La tension est à son maximum après la perte du "contrat du siècle". Joe Biden semble lâcher l'Europe pour se concentrer sur l'Asie et la Chine. L'Union européenne (UE) reste divisée sur la Défense commune européenne, qui est perçue comme une préoccupation française.
Coup de théâtre, sinon stupeur, après l’annonce de l’arrêt de l’accord entre l’Australie et la France sur la commande de 12 sous-marins conventionnels, un contrat de 56 milliards d’euros. Dans le plus grand secret, les Etats-Unis et le Royaume-Uni ont volé ce « contrat du siècle » et l’irritation est à son maximum entre Paris et Washington. Un « coup dans le dos », une manoeuvre « à la Trump », une attitude « insupportable », le Quai d’Orsay a rappelé ses ambassadeurs en poste aux Etats-Unis ainsi qu’en Australie. « Les négociations ont duré des mois, et se sont faites dans le dos de l’allié français », souligne Elie Perot, spécialiste des questions de défense européenne à la Vrije Universiteit Brussel (VUB). « La colère des dirigeants français traduit cette surprise et ce sentiment de trahison. »
Avec l’élection de Joe Biden, l’espoir était grand pour la France et les Européens de clôturer la parenthèse Trump. « L’Amérique est de retour » déclarait le nouveau président américain lors de sa première visite officielle en Europe. Les alliés de l’Amérique doivent désormais comprendre que la politique étrangère américaine ne changera pas, et cette débâcle française augure d’un nouveau paradigme : l’Occident n’est plus au centre du monde.
Joe Biden suit une politique internationale lancée en 2011 avec le « pivot asiatique » de Barack Obama, qui privilégie la zone Asie-Pacifique afin de contrer les velléités de la Chine, dont le budget militaire croit dangereusement chaque année. Le désengagement de l’Afghanistan, décidé d’une manière unilatérale par Washington, qui pose des problèmes multiples à l’Europe, en est un symbole. La débâcle de Kaboul a laissé les Européens à la merci des Talibans. Les américains fonctionnent désormais sur le principe du fait accompli.

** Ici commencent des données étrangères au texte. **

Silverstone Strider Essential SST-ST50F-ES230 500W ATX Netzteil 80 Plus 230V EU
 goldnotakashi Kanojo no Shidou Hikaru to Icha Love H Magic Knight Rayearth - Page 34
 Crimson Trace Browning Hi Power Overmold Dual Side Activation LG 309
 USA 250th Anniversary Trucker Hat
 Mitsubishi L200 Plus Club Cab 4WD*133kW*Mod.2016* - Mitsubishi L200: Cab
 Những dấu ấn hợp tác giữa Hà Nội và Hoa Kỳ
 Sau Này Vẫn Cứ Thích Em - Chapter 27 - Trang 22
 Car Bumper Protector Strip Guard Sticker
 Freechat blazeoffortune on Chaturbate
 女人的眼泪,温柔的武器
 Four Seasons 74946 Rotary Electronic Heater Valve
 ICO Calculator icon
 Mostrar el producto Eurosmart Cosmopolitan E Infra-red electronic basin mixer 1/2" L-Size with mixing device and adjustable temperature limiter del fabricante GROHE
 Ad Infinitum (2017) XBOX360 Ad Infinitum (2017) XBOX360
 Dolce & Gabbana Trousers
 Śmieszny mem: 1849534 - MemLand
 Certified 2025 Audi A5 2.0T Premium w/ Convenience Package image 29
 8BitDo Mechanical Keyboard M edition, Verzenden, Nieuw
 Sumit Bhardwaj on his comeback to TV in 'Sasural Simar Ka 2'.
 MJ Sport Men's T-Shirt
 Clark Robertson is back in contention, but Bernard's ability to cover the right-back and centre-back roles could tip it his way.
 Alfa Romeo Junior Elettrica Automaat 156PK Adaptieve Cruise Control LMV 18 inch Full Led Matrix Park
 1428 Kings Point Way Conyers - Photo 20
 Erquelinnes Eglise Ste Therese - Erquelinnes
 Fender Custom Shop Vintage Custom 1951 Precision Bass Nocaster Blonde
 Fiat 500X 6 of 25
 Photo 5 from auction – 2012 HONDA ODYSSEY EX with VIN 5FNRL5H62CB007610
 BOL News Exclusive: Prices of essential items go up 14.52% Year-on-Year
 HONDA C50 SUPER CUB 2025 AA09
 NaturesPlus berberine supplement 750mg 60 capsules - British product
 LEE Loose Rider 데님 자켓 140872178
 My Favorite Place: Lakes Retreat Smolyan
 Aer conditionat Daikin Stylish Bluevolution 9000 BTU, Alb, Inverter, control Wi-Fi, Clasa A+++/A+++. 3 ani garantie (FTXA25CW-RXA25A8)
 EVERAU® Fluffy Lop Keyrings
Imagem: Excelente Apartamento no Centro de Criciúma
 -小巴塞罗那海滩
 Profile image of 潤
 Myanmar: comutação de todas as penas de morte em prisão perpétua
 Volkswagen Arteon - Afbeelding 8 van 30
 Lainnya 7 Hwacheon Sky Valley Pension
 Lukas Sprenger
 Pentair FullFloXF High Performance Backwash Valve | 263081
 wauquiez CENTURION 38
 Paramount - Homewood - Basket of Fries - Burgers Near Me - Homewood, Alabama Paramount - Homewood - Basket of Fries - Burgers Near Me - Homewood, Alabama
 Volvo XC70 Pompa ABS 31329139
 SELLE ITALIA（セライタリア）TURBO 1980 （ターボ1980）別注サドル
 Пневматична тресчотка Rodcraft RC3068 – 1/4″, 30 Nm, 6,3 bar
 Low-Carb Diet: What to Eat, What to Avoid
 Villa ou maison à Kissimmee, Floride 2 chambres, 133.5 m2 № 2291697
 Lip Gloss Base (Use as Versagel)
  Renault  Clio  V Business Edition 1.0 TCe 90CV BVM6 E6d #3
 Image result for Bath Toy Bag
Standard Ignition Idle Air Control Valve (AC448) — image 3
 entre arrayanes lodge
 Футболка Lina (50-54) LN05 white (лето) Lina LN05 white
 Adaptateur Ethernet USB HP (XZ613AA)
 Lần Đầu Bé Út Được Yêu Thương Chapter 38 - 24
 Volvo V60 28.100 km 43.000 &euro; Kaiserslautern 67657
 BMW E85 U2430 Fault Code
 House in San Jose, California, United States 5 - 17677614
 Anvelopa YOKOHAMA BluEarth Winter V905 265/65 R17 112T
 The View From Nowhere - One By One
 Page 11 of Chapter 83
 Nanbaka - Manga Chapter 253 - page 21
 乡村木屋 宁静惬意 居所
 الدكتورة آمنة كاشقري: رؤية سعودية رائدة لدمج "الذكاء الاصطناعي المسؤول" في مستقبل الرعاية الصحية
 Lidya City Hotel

Un mauvais coup pour l’Europe
La colère est bien sûr immense du côté français, mais l’humiliation est bien européenne. Joe Biden se rapproche naturellement du Royaume-Uni, son éternel allié, qui considère sûrement que l’Australie fait naturellement partie de sa zone d’influence, puisqu’elle fait partie du CommonWealth. Après les années dures de négociations sur le Brexit, Londres obtient sa revanche et la diplomatie européenne est encore plus fragilisée, alors que l’UE était sur le point de dévoiler sa feuille de route stratégique dans la région indopacifique. Tout en ayant un oeil sur ses frontières à l’Est, alors que plus de 200.000 soldats russes sont déployés avec les forces biélorusses pour des manoeuvres de grande ampleur, où l’Europe est directement visée.
Est-ce que ce camouflet français fera avancer l’idée d’une défense commune européenne? Pendant70 ans, l’Europe a bénéficié de la protection de l’Otan. Mais l’Otan est financé à 80% par les Etats-Unis, et de nombreux observateurs, comme Emmanuel Macron, considèrent que la prestigieuse alliance est en situation de « mort cérébrale ». L’UE a annoncé pour l’année prochaine un sommet sur La Défense européenne, qui sera co-présidé par Emmanuel Macron. Mais 2022 est l’année de la campagne présidentielle pour le dirigeant français. S’il n’est pas réélu, le projet deviendra caduc. Et s’il est réélu de justesse, il sera amoindri face à ses partenaires européens.